[Crawled caption data]
┌──

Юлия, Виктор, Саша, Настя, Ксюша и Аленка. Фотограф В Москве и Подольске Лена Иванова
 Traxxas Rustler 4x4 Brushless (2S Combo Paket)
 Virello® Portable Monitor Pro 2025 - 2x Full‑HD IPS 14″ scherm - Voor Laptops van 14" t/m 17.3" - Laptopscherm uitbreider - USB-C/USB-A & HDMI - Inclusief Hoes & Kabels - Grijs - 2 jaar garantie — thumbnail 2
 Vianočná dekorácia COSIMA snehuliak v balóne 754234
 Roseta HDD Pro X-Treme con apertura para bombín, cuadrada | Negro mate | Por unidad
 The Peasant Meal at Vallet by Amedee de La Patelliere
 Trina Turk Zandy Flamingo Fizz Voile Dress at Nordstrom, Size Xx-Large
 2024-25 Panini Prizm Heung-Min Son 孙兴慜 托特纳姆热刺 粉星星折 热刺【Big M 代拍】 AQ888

└──

• [What to do]
The expected response is the full set of records, reproduced exactly.

• [Expected answer]
Юлия, Виктор, Саша, Настя, Ксюша и Аленка. Фотограф В Москве и Подольске Лена Иванова
 Traxxas Rustler 4x4 Brushless (2S Combo Paket)
 Virello® Portable Monitor Pro 2025 - 2x Full‑HD IPS 14″ scherm - Voor Laptops van 14" t/m 17.3" - Laptopscherm uitbreider - USB-C/USB-A & HDMI - Inclusief Hoes & Kabels - Grijs - 2 jaar garantie — thumbnail 2
 Vianočná dekorácia COSIMA snehuliak v balóne 754234
 Roseta HDD Pro X-Treme con apertura para bombín, cuadrada | Negro mate | Por unidad
 The Peasant Meal at Vallet by Amedee de La Patelliere
 Trina Turk Zandy Flamingo Fizz Voile Dress at Nordstrom, Size Xx-Large
 2024-25 Panini Prizm Heung-Min Son 孙兴慜 托特纳姆热刺 粉星星折 热刺【Big M 代拍】 AQ888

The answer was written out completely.